One word describes why I'm not buying into this rally...
One word describes why I'm not buying into this rally, both literally and figuratively...EARNINGS.
Stocks can fly all over the place in the short run, but real, sustainable rallies are built upon solid earnings and the potential for growth. I came across an interview in Kiplinger's with David Tice today that sums up this line of thinking beautifully.
Tice, founder of the Prudent Beat mutual fund, not surprisingly is, well bearish. Despite the fact that he is talking his book so to speak as the manager of a short fund that returned 36% in 2008, his argument on why the current rally in stocks will not stick makes sense. Here's a portion of the interview that I find particularly relevant:
"...And the key fundamentals are?
Earnings for S&P 500 stocks were far down in 2008, and 2009 earnings aren't going to be any better. S&P earnings will probably be below $40 per share this year [versus $65 in 2008 and $83 in 2007]. So the market's price-earnings ratio, based on 2009 estimates is 20. That's still high, so how can you think that the market is near a bottom?
What will it take for the market to bottom?
It depends upon whether the stimulus package gets teeth, it depends on the dollar, it depends on what the Chinese decide to do. There are a lot of moving parts here.
What do you mean by the stimulus getting teeth?
A strong stimulus package could mean the economy picks up a little bit in the short term, but I don't think it will work longer term. The Italian finance minister recently said, "When the problem is too much debt, you can't fix the problem by assuming more debt." The problem is we have an output gap. We have too much capacity for existing consumer demand, and, therefore, manufacturing, retailing, and other sectors will have to downsize."
I completely agree with Tice. He is a little more bearish on the current state of the economy and where the markets are headed than I am, but not much. Regardless of whether the U.S. government is able to reflate this bubble once again, as it did after the Tech bubble popped, or not there is just too much debt out there on the consumer side and the government side for us to resume the same level of growth that we have experienced over the past decade.

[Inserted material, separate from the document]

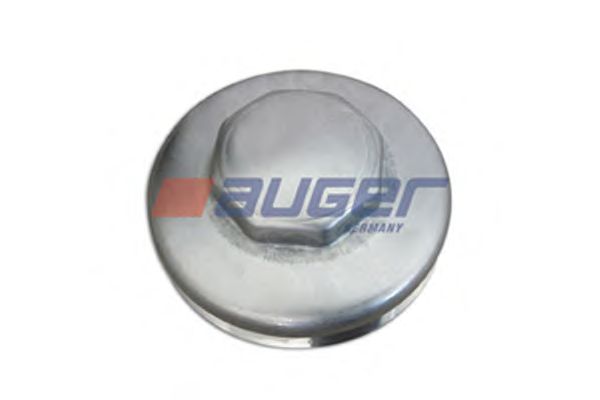 Кришка маточини AUGER 52132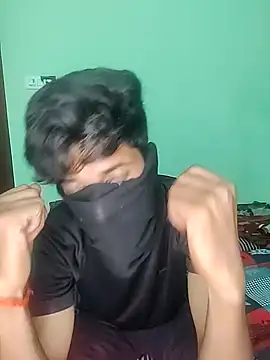 Snapshot of daddyxxfuck chatting on October 4, 2025, 1:53 pm daddyxxfuck online show from October 4, 2025, 1:53 pm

When consumer spending accounts for 70% of an economy, we should have never let it get that far, and consumers are leveraged up to their eyeballs, eventually growth is going to stall. The government needs to focus on building a real economy, where we actually build things that we can sell to other countries and add value rather than just consume, consume, consume, serve each other $10 double-caramel-cheesecake-whipped-soy-white-chocolate-grande-mochachinos while we consume, and give each other advice on how to move money around to make it appear to grow even though nothing really is.
The U.S. economy didn't grow nearly as rapidly as it appeared to over the past decade. The only thing that grew was the leverage in the system. Much of the growth that everyone thought was real was just smoke and mirrors. Now it's time to pay, and at exactly the wrong time, when the largest generation in the history of the world is passing its peak spending years. Not only have Baby Boomers past their peak spending years, but they have seen a tremendous percentage of their wealth, which they desperately need for retirement, evaporate. The rebuilding of their balance sheets will only serve to accelerate their natural slowdown in spending.

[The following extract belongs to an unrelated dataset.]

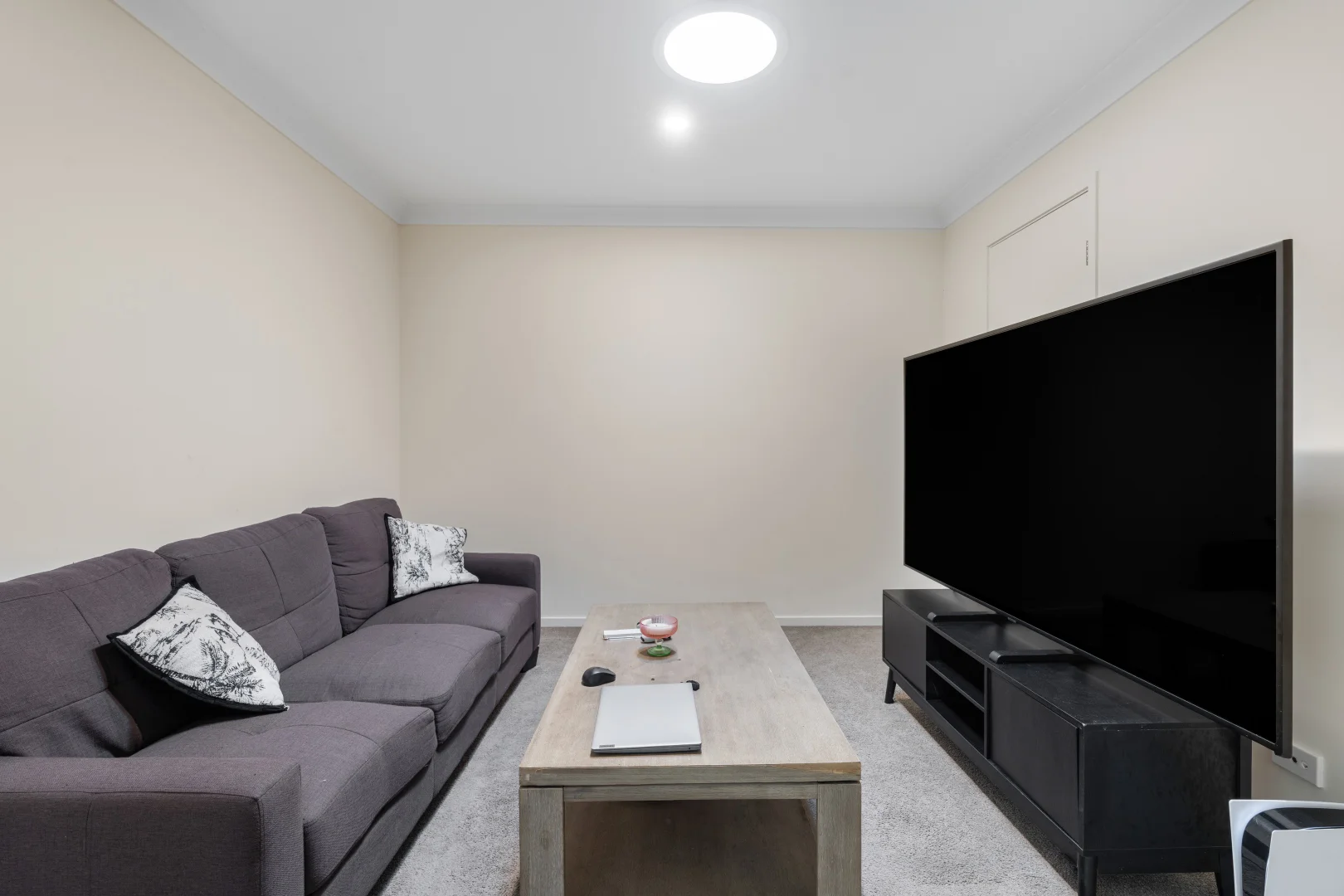 Additional image 9 of 148/85 Thornton Street, Raceview QLD 4305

I'm not an uber-bear who thinks that we're all doomed. I'm just a realist who doesn't see where growth is going to come from over the next several years. Growth is what Mr. Market awards high multiples for. What sort of earnings multiple would you give a company that you knew isn't going to grow much, if at all, over the next several years? Not much of one I assume. Certainly not the 20 times forward earnings that the S&P is currently sitting at.
I plan to continue to play it relatively safe with my investments. Could I miss out on the beginning of the next amazing bear market? Of course, we're certainly a lot closer to the bottom than we were 50% or so ago. It is entirely possible that I'm wrong and that I will miss out on amazing capital gains over the next several years, but again I just don't see where earnings and growth are going to come from. I have a family to take care of so I'll just stick to my corporate bonds, with solid yields of anywhere from 7% to double digits and leave the quest for growth to someone else.